The Investigator walked on. He didn’t know where he was headed, but that didn’t worry him. He’d poured out the tablets from the new medicine bottle his friend the Policeman had given him and popped them all into his mouth at once. He chewed them with relish, savoring their bitterness and their subtle bouquet of medicinal plants.
He was thinking kindly thoughts about the Policeman and the Security Officer, and also about the Guide, who according to the Security Officer — there again, he’d been told to tell him — had fallen victim to a Level 6 Impediment and would be unable to receive the Investigator that morning. When the Investigator asked the Security Officer what a Level 6 Impediment was, the other replied that he hadn’t the least idea, and that it didn’t lie within the parameters of his function to possess such information; his mission was limited to ensuring that no unauthorized visitor penetrated inside the walls of the Enterprise.

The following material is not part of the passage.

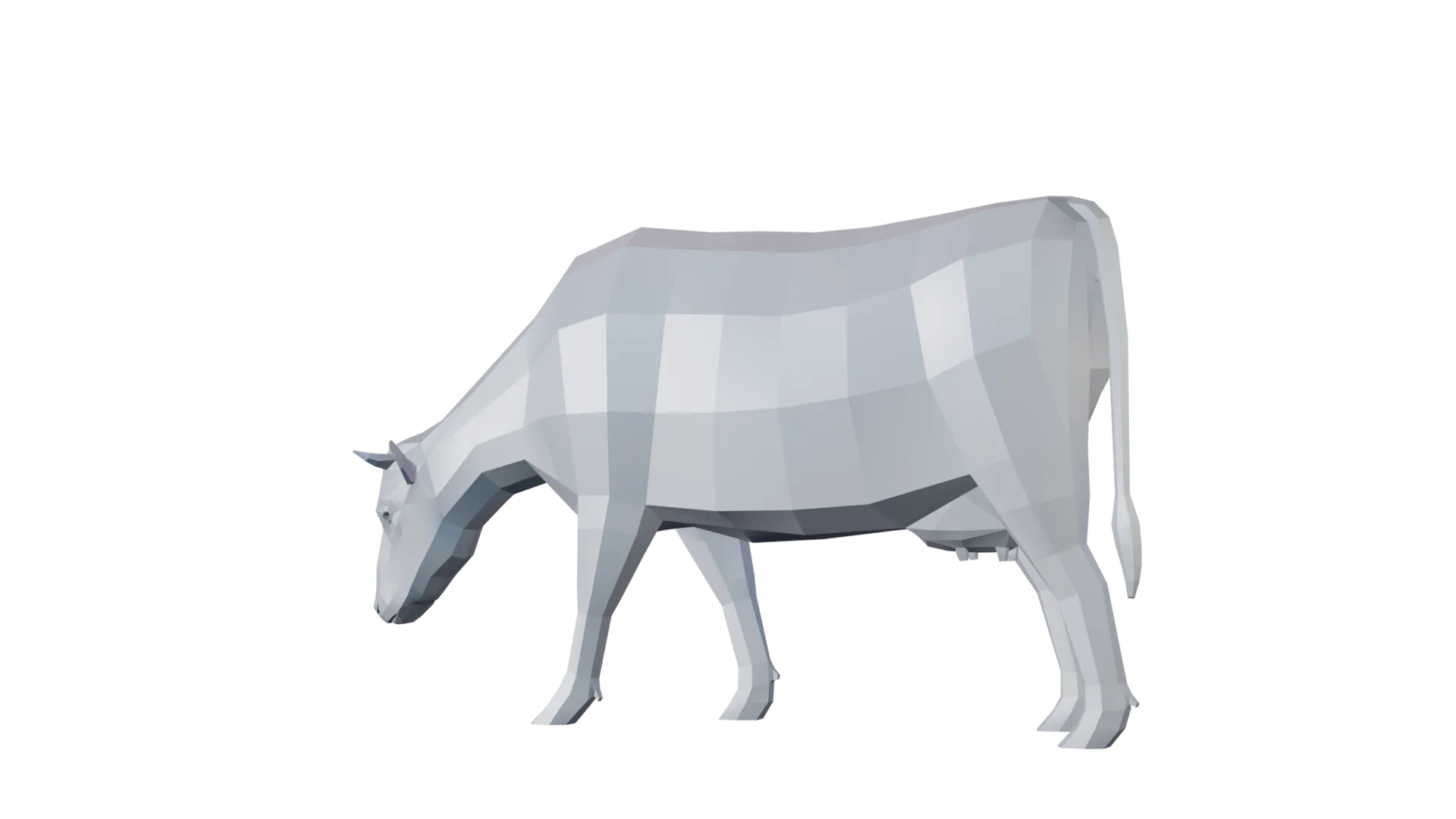 Low Poly Cow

Order doesn’t exist without the concept of society. People often think the reverse, but they’re wrong. Man created order at a time when nothing was required of him. He thought himself clever. He’s had cause to regret it.
Walking along at a moderate pace, the Investigator let strange theoretical analyses occupy his mind. A group of thirty-seven people — eleven women and twenty-six men, all Asians — overtook and passed him. Wearing hard hats and white coats and “External Element” badges, they were following the red line at a rapid clip. He envied them. Not because they were following the red line, but because of the hard hats and the coats. He missed them. The long white coat would have at least allowed him to hide his apple-green sweatpants and mended raincoat, and the hard hat would have given him a serious, professional air, which he thought he no longer had. But the Security Officer could do nothing for him in this regard, having in his possession neither a white coat nor a hard hat. It was the Guides’ job to provide External Elements with those items.
By now, the Asian group was nothing but a memory on the horizon. The Investigator continued to follow the green line. He appreciated having a goal. His cold was getting better, even if his scarlet, swollen nose, an organ worthy of a clown, remained painful, as did his boiled foot, chafed by the rubber boot he was wearing, and the wound on his forehead, which was beginning to close, thanks to a sort of brownish crust whose design recalled a bishop’s crosier or a scorpion’s tail.